Assignment
Take the lines below from the one with "Ariosto, Shakespeare and Corneille" through the one with "La escuela alrededor" and retype them exactly. Include nothing else, and no pictures.

Dataset content
******

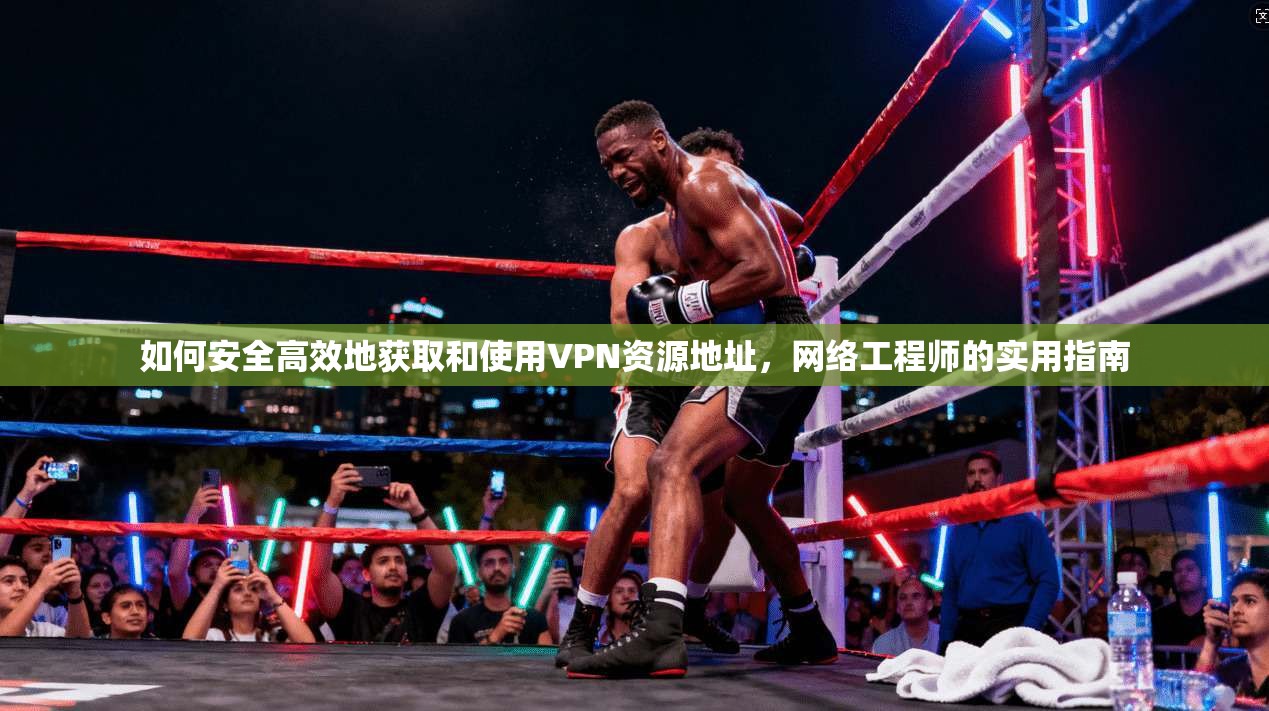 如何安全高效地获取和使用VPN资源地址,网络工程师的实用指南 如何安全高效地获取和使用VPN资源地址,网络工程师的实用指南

******

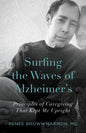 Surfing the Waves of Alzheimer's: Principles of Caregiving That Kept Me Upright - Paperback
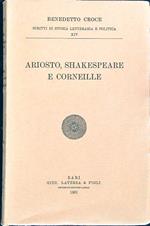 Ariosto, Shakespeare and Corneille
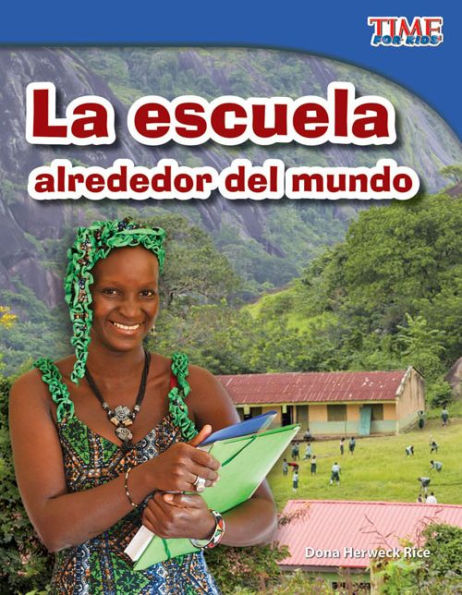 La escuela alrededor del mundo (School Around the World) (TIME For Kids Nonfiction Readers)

******

Task output
 Ariosto, Shakespeare and Corneille
 La escuela alrededor del mundo (School Around the World) (TIME For Kids Nonfiction Readers)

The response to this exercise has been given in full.